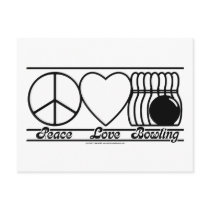 Peace Love and Bowling Post Cards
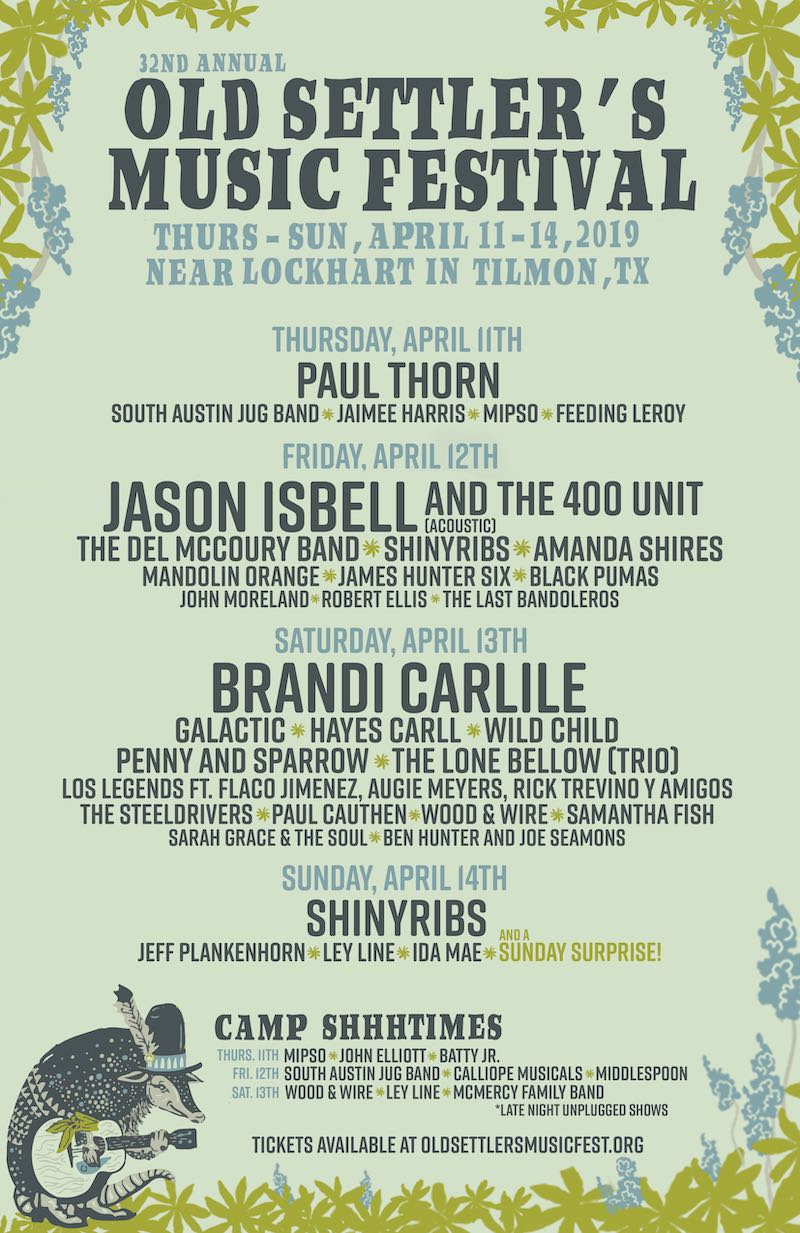 Old Settler’s Daily Lineup Revealed Jason Isbell caps Friday, Brandi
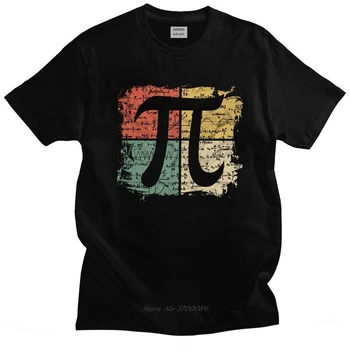Retro Námestie Pi Symbol Darček Tričko Mužov Bavlnené Tričko Voľný čas Tričko Krátke Rukávy Matematické Rovnice Učiteľ Geek T-shirts Loose Fit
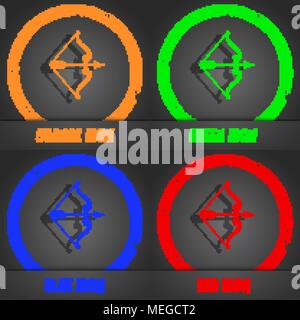 bow and arrow icon symbol. Fashionable modern style. In the orange, green, blue, green design. Vector illustration Stock Vector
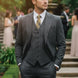 Men’s 3-Piece Slim Fit Plaid Suit Set for Business and Wedding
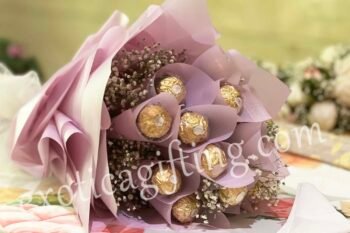 Fresh Flowers Hand Bunch Of Ferrero Rocher With Gypso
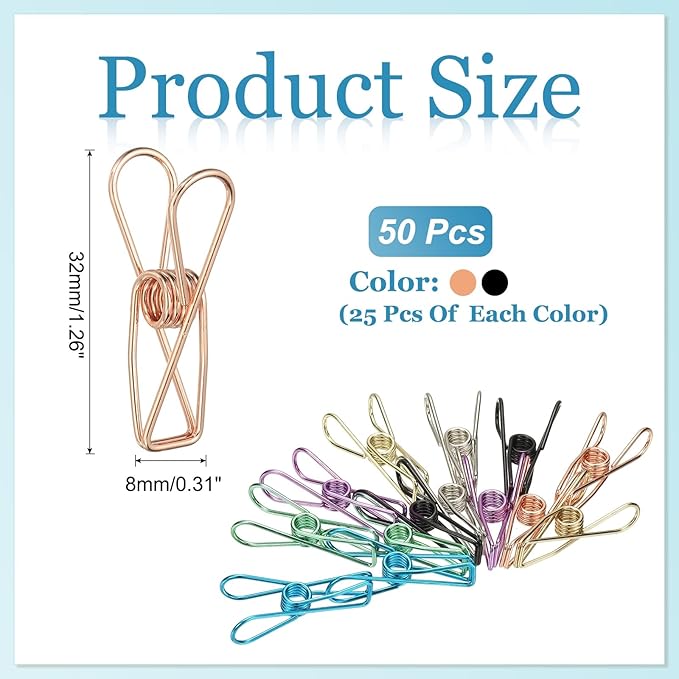 PATIKIL 50Pcs Paper Office Binder Clips, 1.26" Small Metal Wire Hollow Out - Image 2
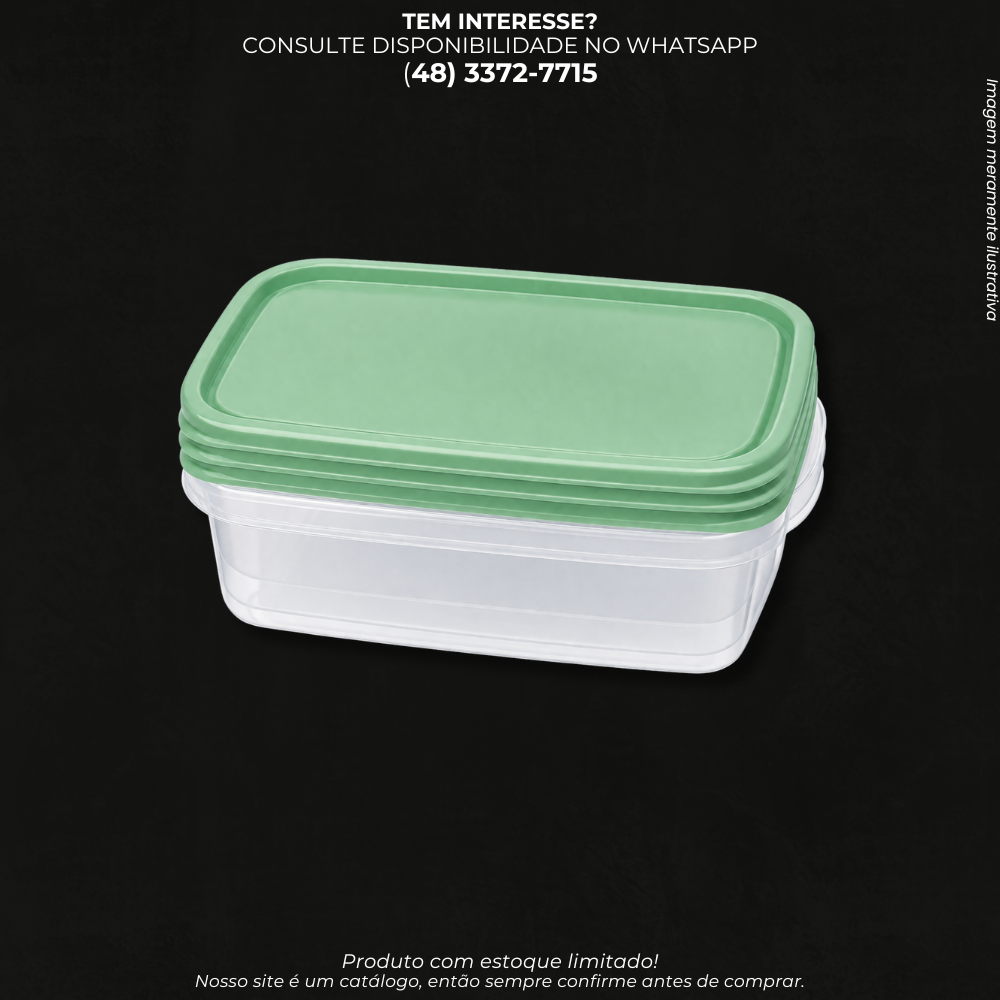 Conjunto com 3 Potes Retangulares 1,8L com Tampa – Organizador para Alimentos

=== The task ===
Print again, exactly, the lines of the records above from the first line through the line with "PATIKIL 50Pcs Paper". No pictures.

=== Written answer ===
 Peace Love and Bowling Post Cards
 Old Settler’s Daily Lineup Revealed Jason Isbell caps Friday, Brandi
Retro Námestie Pi Symbol Darček Tričko Mužov Bavlnené Tričko Voľný čas Tričko Krátke Rukávy Matematické Rovnice Učiteľ Geek T-shirts Loose Fit
 bow and arrow icon symbol. Fashionable modern style. In the orange, green, blue, green design. Vector illustration Stock Vector
 Men’s 3-Piece Slim Fit Plaid Suit Set for Business and Wedding
 Fresh Flowers Hand Bunch Of Ferrero Rocher With Gypso
 PATIKIL 50Pcs Paper Office Binder Clips, 1.26" Small Metal Wire Hollow Out - Image 2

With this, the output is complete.